Your assignment
Leaving out only the pictures, write out all the entries exactly.

(Captioned web image data)
● ● ● ● ●

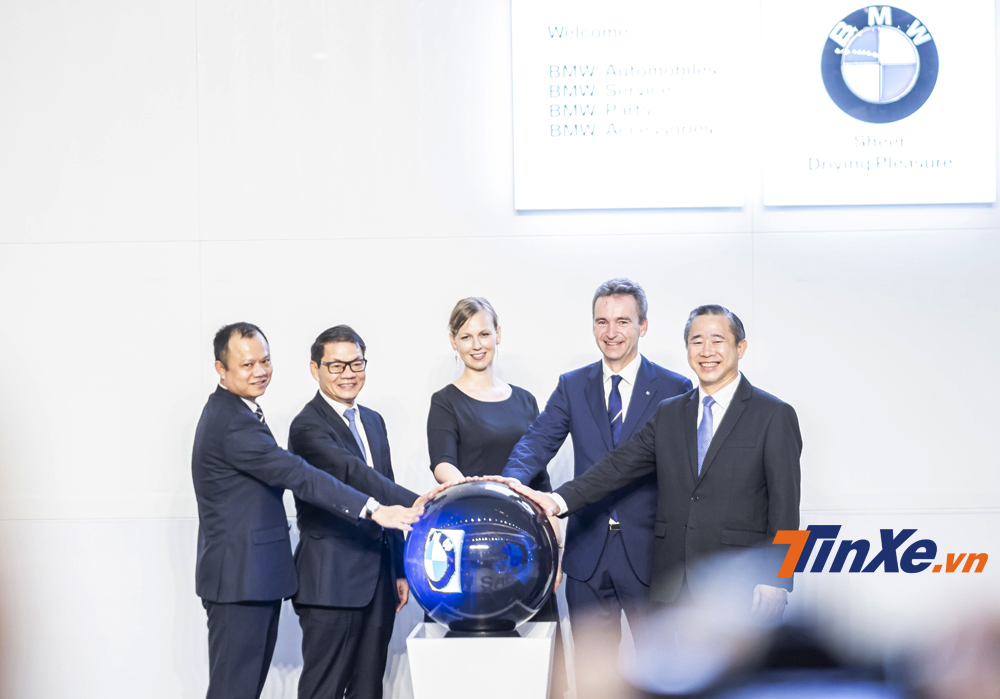 Ông Trần Bá Dương cho biết đến cuối năm 2020, Việt Nam sẽ có 15 tổ hợp showroom BMW, BMW Motorrad và MINI trên khắp các thành phố lớn.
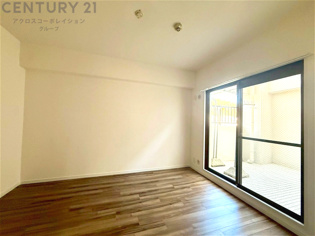 子供部屋…創造性や成長を促す遊びの空間を提供。学習や趣味に集中できる環境を整えます。個別のプライベートスペースは自己表現と自立心を育み、心地よい睡眠環境を整えリラックスできる場所を提供。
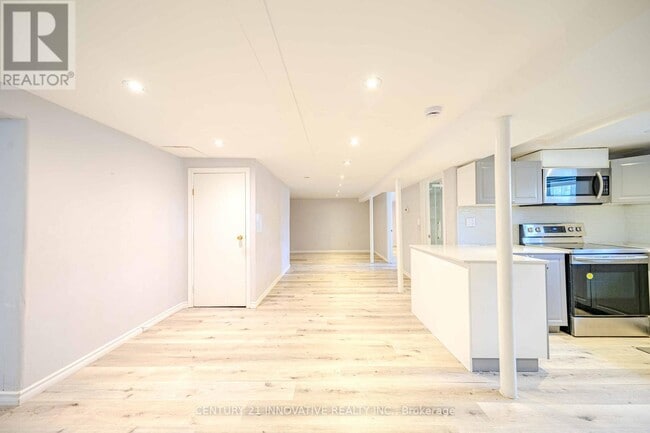 Photo du bâtiment - 13163 Bathurst St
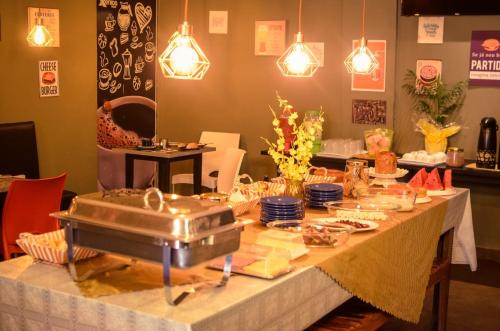 uma mesa com comida e luzes em HOTEL XENIOS em Macapá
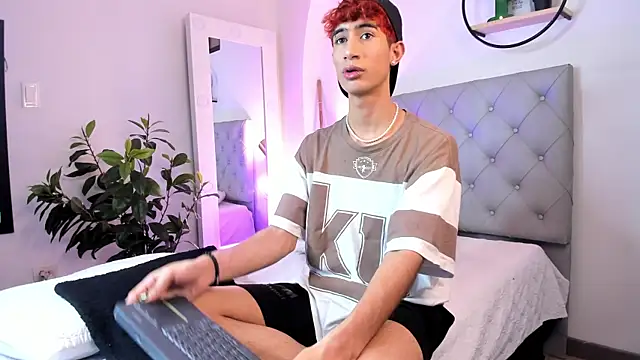 Snapshot of NovaaWheler chatting on March 11, 2025, 3:58 am NovaaWheler online show from March 11, 2025, 3:58 am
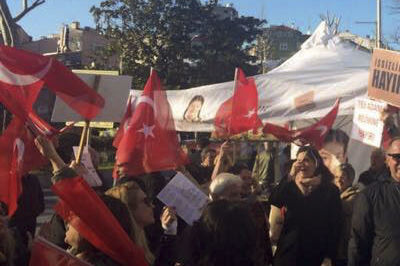 Intensiver Wahlkampf der türkischen Parteien um jede Stimme in Istanbul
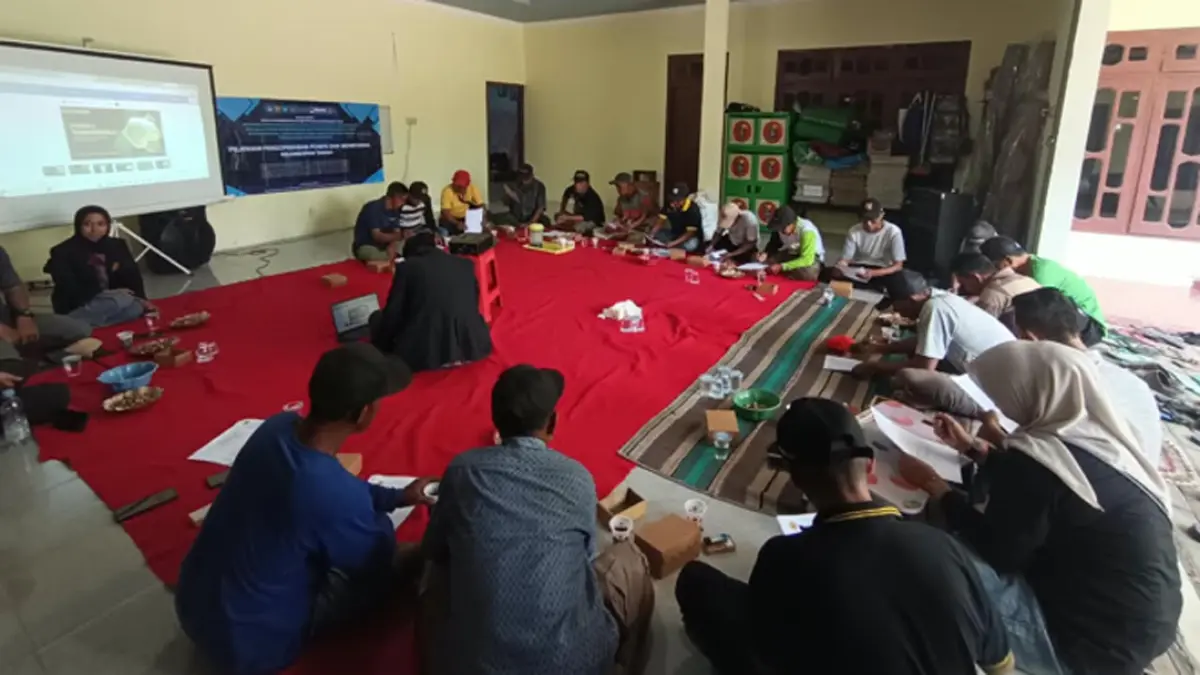 Teknologi UNEJ bantu petani Wringinpitu kelola air dan limbah buah naga. (Foto: Unej)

● ● ● ● ●

Result of the task
 Ông Trần Bá Dương cho biết đến cuối năm 2020, Việt Nam sẽ có 15 tổ hợp showroom BMW, BMW Motorrad và MINI trên khắp các thành phố lớn.
 子供部屋…創造性や成長を促す遊びの空間を提供。学習や趣味に集中できる環境を整えます。個別のプライベートスペースは自己表現と自立心を育み、心地よい睡眠環境を整えリラックスできる場所を提供。
 Photo du bâtiment - 13163 Bathurst St
 uma mesa com comida e luzes em HOTEL XENIOS em Macapá
 Snapshot of NovaaWheler chatting on March 11, 2025, 3:58 am NovaaWheler online show from March 11, 2025, 3:58 am
 Intensiver Wahlkampf der türkischen Parteien um jede Stimme in Istanbul
 Teknologi UNEJ bantu petani Wringinpitu kelola air dan limbah buah naga. (Foto: Unej)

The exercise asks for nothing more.